At twelve and a half I hadn't realized how much I'd grown even though seeing my mother's height approaching like gas station on the highway and then slowly seeing her forehead drop below my eye line should have been a dead giveaway. I was just as tall as Hillary and all of her friends. My legs were shaped from running, my chest defined from the military routine my old man had subtly faked me into adopting on a daily basis since I was nine, and I had a muscular line down my stomach that defined me along with my jaw line and thick hair as unlike Chuck or Barry and more like Superman. Even the fifteen year old boy who lived next store, Robert, was shorter than me and blobby. Hillary called him Blobby Bobby and her and Melanie and her other catty friends would ignore him as if he was a mailbox that stood in his yard and watched them walk by semi-naked all summer.

Melanie had a long body with skinny arms and skinny legs. Since I have known her for twenty odd years I can rest assuredly inform you that she has never needed more than a thirty A-cup. She still has her narrow face, but always had good cheekbones and piercing blue eyes. Her smile was broad and she had big white teeth that back then were probably too big. Since then she's grown into her face and became quite beautiful. Even now in her thirties she's an attractive woman in a modest way. I see her and her husband once or twice a year but In my own mind her long since gone dark Claudette Colbert bob-style haircut framed a face that my dirty old mind puts in that memory bucket that still makes me sigh and yearn for that new car smell of life. In that particular memory she's never older than fifteen.

We were sitting around on the towels talking about crap that only kids find appealing, how the bad guys came out on top in the Empire Strikes back, how hot it was that Mr. Drummond put an athletic black hunk in the same house as his virginal sweet daughter, at how our teachers sucked, football, baseball, Pepsi vs. Coke, Michael Jackson and the upcoming LA Olympics.

Melanie was lying opposite me on her front with her head supported by her arms. Every now and again she'd be stealing glances at me trying to lock my stare with her eyes. When she'd caught me looking back she'd beam a smile at me and then quickly look away leaving me with nothing while she went on to pretend that I didn't exist. Then she'd start the whole routine again, each time sucking me in deeper and deeper, making me look closer and closer to the way her lips moved when she spoke, or the way her dimples would crease when she laughed, or how even with her tiny breasts she was giving me my first cleavage show down the front of her bathing suit. When she was thinking she'd lick her teeth just a little, and it would trigger other chemicals in my body.

All afternoon Melanie played me going hot with her subtle body flirtation, then quickly ignoring me.
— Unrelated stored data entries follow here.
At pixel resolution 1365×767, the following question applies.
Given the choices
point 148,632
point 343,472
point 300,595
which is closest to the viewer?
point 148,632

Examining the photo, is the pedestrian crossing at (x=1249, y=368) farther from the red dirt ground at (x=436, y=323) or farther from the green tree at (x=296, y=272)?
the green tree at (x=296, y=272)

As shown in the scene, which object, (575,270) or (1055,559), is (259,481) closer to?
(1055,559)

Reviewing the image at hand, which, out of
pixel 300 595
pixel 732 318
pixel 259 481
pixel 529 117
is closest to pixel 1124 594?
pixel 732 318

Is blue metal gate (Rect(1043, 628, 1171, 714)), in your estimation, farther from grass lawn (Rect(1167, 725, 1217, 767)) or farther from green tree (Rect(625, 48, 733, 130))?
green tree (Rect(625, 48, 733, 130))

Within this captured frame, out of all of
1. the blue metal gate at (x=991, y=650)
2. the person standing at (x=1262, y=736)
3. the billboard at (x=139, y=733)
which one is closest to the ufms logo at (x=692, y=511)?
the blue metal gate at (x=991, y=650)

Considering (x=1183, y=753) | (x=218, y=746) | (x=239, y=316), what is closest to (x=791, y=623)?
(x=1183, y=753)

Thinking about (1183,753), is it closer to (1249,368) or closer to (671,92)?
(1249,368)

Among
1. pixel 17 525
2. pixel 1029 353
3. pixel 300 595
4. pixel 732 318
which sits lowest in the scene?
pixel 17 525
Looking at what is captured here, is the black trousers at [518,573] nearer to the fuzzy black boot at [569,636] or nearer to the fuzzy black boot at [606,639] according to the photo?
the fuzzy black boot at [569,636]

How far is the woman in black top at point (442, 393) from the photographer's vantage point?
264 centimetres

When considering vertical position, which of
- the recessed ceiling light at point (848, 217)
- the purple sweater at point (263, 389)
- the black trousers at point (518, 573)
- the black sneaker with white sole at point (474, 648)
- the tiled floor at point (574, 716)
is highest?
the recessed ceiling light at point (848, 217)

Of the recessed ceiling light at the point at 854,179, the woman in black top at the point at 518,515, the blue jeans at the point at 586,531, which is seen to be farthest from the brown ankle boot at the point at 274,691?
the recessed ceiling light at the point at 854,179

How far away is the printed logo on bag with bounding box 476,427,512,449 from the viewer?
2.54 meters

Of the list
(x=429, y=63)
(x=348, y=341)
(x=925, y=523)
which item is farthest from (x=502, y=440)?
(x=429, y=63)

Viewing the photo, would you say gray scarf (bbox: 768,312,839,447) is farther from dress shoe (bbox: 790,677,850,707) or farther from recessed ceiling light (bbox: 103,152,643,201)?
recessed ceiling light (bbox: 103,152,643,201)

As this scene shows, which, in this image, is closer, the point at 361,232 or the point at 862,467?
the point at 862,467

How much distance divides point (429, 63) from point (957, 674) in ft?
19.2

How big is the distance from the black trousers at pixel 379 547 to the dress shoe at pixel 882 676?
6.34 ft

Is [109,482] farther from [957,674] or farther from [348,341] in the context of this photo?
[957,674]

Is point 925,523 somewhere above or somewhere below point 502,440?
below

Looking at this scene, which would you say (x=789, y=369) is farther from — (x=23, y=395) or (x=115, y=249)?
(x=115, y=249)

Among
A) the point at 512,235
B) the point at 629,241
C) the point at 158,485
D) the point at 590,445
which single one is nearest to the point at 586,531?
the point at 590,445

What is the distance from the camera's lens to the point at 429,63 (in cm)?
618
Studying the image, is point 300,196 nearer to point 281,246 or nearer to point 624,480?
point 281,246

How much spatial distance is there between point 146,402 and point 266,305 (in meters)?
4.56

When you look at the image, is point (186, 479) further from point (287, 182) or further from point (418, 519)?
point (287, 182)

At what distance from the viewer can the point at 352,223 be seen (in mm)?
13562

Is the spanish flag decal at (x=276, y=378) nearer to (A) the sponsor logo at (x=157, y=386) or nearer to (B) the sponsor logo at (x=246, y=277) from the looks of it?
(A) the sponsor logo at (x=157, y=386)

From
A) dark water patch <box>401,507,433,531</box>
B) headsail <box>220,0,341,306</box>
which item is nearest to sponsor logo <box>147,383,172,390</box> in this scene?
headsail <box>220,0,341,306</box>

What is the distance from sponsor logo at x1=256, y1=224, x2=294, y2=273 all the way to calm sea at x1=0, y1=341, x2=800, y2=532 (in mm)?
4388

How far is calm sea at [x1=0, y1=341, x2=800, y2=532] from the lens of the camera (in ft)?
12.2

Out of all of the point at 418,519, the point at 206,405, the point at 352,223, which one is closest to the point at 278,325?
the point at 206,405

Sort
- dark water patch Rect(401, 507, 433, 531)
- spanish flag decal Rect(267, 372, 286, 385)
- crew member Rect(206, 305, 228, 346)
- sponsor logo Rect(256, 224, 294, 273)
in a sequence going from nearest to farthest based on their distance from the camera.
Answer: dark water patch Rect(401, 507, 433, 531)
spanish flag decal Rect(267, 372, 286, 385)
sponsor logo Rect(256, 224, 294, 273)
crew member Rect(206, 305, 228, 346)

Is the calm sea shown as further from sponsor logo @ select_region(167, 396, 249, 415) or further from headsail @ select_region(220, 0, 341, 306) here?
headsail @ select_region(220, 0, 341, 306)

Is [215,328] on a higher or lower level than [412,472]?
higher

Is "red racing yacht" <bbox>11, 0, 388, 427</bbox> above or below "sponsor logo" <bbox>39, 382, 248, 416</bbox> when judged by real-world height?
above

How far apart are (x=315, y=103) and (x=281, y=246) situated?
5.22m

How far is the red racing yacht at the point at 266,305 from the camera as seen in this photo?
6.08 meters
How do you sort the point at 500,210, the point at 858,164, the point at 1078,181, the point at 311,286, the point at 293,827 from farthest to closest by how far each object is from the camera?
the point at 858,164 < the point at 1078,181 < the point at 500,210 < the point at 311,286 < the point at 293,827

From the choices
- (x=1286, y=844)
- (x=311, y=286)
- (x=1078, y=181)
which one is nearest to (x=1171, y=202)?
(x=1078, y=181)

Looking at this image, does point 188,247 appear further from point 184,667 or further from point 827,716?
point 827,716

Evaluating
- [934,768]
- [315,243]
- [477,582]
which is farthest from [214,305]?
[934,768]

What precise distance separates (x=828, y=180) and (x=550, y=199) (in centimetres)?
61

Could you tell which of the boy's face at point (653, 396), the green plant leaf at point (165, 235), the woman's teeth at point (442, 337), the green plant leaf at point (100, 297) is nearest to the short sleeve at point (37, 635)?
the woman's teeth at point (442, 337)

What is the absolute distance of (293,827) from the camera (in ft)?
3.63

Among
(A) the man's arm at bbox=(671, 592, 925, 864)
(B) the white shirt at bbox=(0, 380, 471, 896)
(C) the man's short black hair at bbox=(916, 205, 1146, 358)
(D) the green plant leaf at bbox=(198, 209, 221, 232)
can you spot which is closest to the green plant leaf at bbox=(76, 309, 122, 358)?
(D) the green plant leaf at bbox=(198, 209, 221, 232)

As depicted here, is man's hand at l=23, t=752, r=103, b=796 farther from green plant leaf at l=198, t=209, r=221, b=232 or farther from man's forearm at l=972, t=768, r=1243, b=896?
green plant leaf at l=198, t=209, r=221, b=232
She did this until she was sure that my own body language was begging her to pay attention to me again. That day, my mostly smart mouthed humor was deluged with that terror of confusion over if she was just messing with me or if she was determined to take me the way she wanted. In a carryover from "our time" in the cinema, I was rigidly locked in place lying on my stomach making sure that my obvious attraction was not to be noticed by the teenage peer group that would surely flay my twelve and half year old innocence alive had they known my developing penis was trying to dig it's way to China.

As wrong as it is, I still sometimes compare women's bodies to Melanie's skinny athletic mid-teen shape. I'm still too distracted by a svelte woman in a slinky orange one piece lycra bathing suit. It's especially potent if she's has a dark and square cut short hair and if her hips and longer than usual legs make the bikini line of the suit ride high over her hips. The deep core of my sexual image perversion subtly rests in the memory of a fifteen year old opportunist I met twenty four years ago that completely blew my mind out of boyhood and into adolescence.

In what felt like that last plane out of Casablanca before the Nazis arrived, my uncle loaded up his sedan with four of the eight kids and pulled out of their driveway taking them home after the long day. This left my brother asleep and snoring on their sofa in front of the TV, Hillary, Melanie, and myself.

Melanie was staying over.

3 Comments:

Blogger Charlie Brown said...

Unlike you, I was extremely short and way too skinny at 12. In elementary school it didn't bother me, because I was surrounded by other kids. But in high school, I became aware of my own immaturity by being surrounded with teenagers. I would still be a boy for a while psychologically. I would deny my sexuality until 15. And at that point, I was too messed up by my body transformations, growing nerdiness and lack of self-esteem to start gaming girls, especially when other guys, cooler and more mature, were already dominating the field.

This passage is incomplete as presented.